* **Task inputs**
* * * * * * *

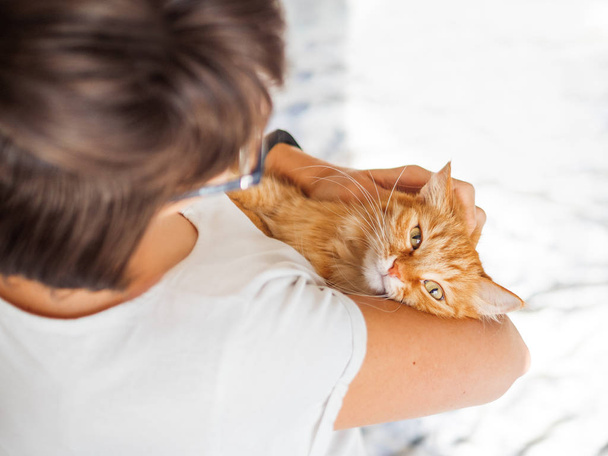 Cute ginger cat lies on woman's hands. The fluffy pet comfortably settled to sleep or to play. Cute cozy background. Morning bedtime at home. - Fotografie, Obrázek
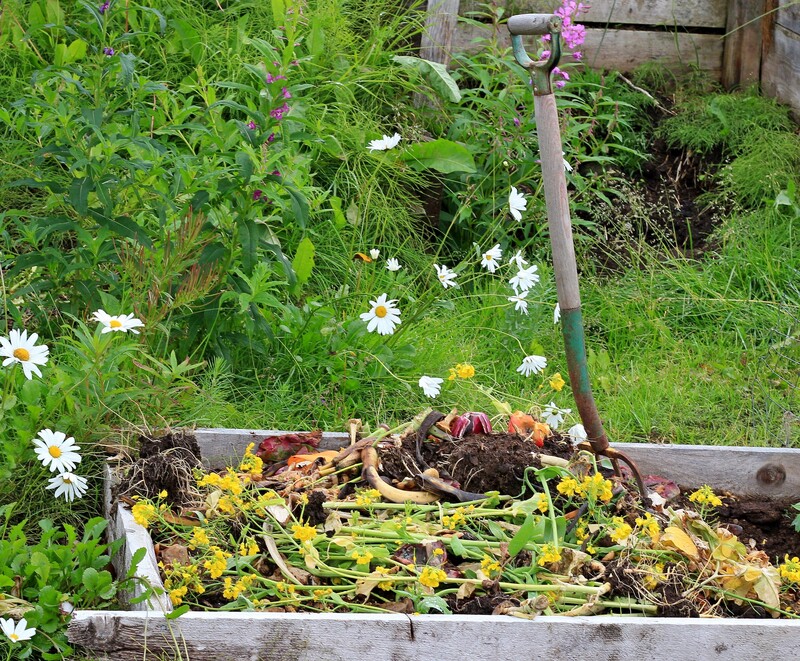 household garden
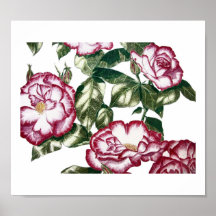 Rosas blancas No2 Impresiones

* * * * * * *

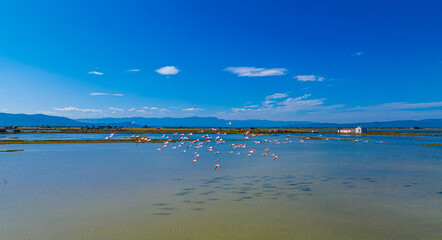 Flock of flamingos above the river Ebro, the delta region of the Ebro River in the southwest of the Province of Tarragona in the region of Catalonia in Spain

* * * * * * *

* **Task goal**
Copy exactly the lines of the listing above between the one holding "Cute ginger cat" and the one holding "Rosas blancas No2 Impresiones", inclusive; omit all pictures.

* **Your solution**
 Cute ginger cat lies on woman's hands. The fluffy pet comfortably settled to sleep or to play. Cute cozy background. Morning bedtime at home. - Fotografie, Obrázek
 household garden
 Rosas blancas No2 Impresiones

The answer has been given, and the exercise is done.